Required work: Could you repeat all of the entries below, character for character?

Exercise data:
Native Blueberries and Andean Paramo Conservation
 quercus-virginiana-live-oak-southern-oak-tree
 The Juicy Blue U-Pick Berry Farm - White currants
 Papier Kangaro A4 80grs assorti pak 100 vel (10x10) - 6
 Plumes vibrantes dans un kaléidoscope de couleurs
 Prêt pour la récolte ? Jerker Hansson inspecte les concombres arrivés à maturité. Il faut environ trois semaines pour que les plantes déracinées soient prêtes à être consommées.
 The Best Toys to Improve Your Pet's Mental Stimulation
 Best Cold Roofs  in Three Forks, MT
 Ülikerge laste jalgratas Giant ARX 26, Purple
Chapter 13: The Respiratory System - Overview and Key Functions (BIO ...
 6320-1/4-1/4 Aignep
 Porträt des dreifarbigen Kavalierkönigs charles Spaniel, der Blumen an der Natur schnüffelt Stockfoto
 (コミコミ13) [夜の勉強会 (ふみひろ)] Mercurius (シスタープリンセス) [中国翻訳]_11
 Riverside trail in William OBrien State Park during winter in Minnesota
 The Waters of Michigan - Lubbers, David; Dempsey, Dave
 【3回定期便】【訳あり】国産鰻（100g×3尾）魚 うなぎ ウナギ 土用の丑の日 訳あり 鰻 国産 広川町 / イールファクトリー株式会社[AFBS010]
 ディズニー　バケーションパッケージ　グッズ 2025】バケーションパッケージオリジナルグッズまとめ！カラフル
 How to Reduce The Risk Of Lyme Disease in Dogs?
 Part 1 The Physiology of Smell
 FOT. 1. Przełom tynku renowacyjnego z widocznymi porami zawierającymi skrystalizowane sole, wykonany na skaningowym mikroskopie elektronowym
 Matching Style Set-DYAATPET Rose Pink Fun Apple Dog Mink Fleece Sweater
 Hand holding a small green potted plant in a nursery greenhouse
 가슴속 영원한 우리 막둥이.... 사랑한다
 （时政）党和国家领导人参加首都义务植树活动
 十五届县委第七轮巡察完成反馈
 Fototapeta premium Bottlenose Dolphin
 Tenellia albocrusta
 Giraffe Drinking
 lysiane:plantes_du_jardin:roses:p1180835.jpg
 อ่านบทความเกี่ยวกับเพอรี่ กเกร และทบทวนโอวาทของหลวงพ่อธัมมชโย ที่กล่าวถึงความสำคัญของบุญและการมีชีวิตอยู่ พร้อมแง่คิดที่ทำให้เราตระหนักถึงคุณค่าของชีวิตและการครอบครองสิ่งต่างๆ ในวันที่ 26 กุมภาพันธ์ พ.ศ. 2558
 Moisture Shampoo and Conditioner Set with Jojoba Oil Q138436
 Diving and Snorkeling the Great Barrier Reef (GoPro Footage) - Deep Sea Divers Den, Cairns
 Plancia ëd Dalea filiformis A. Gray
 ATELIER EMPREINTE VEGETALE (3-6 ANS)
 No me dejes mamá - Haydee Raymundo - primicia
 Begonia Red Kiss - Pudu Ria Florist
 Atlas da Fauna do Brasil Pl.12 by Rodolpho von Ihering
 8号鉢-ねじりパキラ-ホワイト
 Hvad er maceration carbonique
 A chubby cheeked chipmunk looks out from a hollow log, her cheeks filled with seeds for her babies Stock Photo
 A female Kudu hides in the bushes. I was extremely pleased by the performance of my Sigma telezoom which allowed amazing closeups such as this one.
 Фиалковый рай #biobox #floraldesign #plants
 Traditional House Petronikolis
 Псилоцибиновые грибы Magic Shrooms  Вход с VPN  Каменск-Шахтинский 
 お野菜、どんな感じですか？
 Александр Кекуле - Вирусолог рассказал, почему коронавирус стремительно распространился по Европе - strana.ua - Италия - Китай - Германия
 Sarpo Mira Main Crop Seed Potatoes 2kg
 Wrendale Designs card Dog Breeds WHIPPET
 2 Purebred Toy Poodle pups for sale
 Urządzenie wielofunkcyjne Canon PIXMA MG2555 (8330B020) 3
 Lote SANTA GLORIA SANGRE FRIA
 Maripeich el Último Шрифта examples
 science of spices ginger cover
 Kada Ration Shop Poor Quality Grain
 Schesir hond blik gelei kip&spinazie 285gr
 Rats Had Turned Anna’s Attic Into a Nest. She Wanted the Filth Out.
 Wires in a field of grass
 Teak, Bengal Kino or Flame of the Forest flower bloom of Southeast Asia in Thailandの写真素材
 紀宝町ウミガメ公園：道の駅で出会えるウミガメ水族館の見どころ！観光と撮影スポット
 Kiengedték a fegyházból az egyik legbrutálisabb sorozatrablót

Task output:
Native Blueberries and Andean Paramo Conservation
 quercus-virginiana-live-oak-southern-oak-tree
 The Juicy Blue U-Pick Berry Farm - White currants
 Papier Kangaro A4 80grs assorti pak 100 vel (10x10) - 6
 Plumes vibrantes dans un kaléidoscope de couleurs
 Prêt pour la récolte ? Jerker Hansson inspecte les concombres arrivés à maturité. Il faut environ trois semaines pour que les plantes déracinées soient prêtes à être consommées.
 The Best Toys to Improve Your Pet's Mental Stimulation
 Best Cold Roofs  in Three Forks, MT
 Ülikerge laste jalgratas Giant ARX 26, Purple
Chapter 13: The Respiratory System - Overview and Key Functions (BIO ...
 6320-1/4-1/4 Aignep
 Porträt des dreifarbigen Kavalierkönigs charles Spaniel, der Blumen an der Natur schnüffelt Stockfoto
 (コミコミ13) [夜の勉強会 (ふみひろ)] Mercurius (シスタープリンセス) [中国翻訳]_11
 Riverside trail in William OBrien State Park during winter in Minnesota
 The Waters of Michigan - Lubbers, David; Dempsey, Dave
 【3回定期便】【訳あり】国産鰻（100g×3尾）魚 うなぎ ウナギ 土用の丑の日 訳あり 鰻 国産 広川町 / イールファクトリー株式会社[AFBS010]
 ディズニー　バケーションパッケージ　グッズ 2025】バケーションパッケージオリジナルグッズまとめ！カラフル
 How to Reduce The Risk Of Lyme Disease in Dogs?
 Part 1 The Physiology of Smell
 FOT. 1. Przełom tynku renowacyjnego z widocznymi porami zawierającymi skrystalizowane sole, wykonany na skaningowym mikroskopie elektronowym
 Matching Style Set-DYAATPET Rose Pink Fun Apple Dog Mink Fleece Sweater
 Hand holding a small green potted plant in a nursery greenhouse
 가슴속 영원한 우리 막둥이.... 사랑한다
 （时政）党和国家领导人参加首都义务植树活动
 十五届县委第七轮巡察完成反馈
 Fototapeta premium Bottlenose Dolphin
 Tenellia albocrusta
 Giraffe Drinking
 lysiane:plantes_du_jardin:roses:p1180835.jpg
 อ่านบทความเกี่ยวกับเพอรี่ กเกร และทบทวนโอวาทของหลวงพ่อธัมมชโย ที่กล่าวถึงความสำคัญของบุญและการมีชีวิตอยู่ พร้อมแง่คิดที่ทำให้เราตระหนักถึงคุณค่าของชีวิตและการครอบครองสิ่งต่างๆ ในวันที่ 26 กุมภาพันธ์ พ.ศ. 2558
 Moisture Shampoo and Conditioner Set with Jojoba Oil Q138436
 Diving and Snorkeling the Great Barrier Reef (GoPro Footage) - Deep Sea Divers Den, Cairns
 Plancia ëd Dalea filiformis A. Gray
 ATELIER EMPREINTE VEGETALE (3-6 ANS)
 No me dejes mamá - Haydee Raymundo - primicia
 Begonia Red Kiss - Pudu Ria Florist
 Atlas da Fauna do Brasil Pl.12 by Rodolpho von Ihering
 8号鉢-ねじりパキラ-ホワイト
 Hvad er maceration carbonique
 A chubby cheeked chipmunk looks out from a hollow log, her cheeks filled with seeds for her babies Stock Photo
 A female Kudu hides in the bushes. I was extremely pleased by the performance of my Sigma telezoom which allowed amazing closeups such as this one.
 Фиалковый рай #biobox #floraldesign #plants
 Traditional House Petronikolis
 Псилоцибиновые грибы Magic Shrooms  Вход с VPN  Каменск-Шахтинский 
 お野菜、どんな感じですか？
 Александр Кекуле - Вирусолог рассказал, почему коронавирус стремительно распространился по Европе - strana.ua - Италия - Китай - Германия
 Sarpo Mira Main Crop Seed Potatoes 2kg
 Wrendale Designs card Dog Breeds WHIPPET
 2 Purebred Toy Poodle pups for sale
 Urządzenie wielofunkcyjne Canon PIXMA MG2555 (8330B020) 3
 Lote SANTA GLORIA SANGRE FRIA
 Maripeich el Último Шрифта examples
 science of spices ginger cover
 Kada Ration Shop Poor Quality Grain
 Schesir hond blik gelei kip&spinazie 285gr
 Rats Had Turned Anna’s Attic Into a Nest. She Wanted the Filth Out.
 Wires in a field of grass
 Teak, Bengal Kino or Flame of the Forest flower bloom of Southeast Asia in Thailandの写真素材
 紀宝町ウミガメ公園：道の駅で出会えるウミガメ水族館の見どころ！観光と撮影スポット
 Kiengedték a fegyházból az egyik legbrutálisabb sorozatrablót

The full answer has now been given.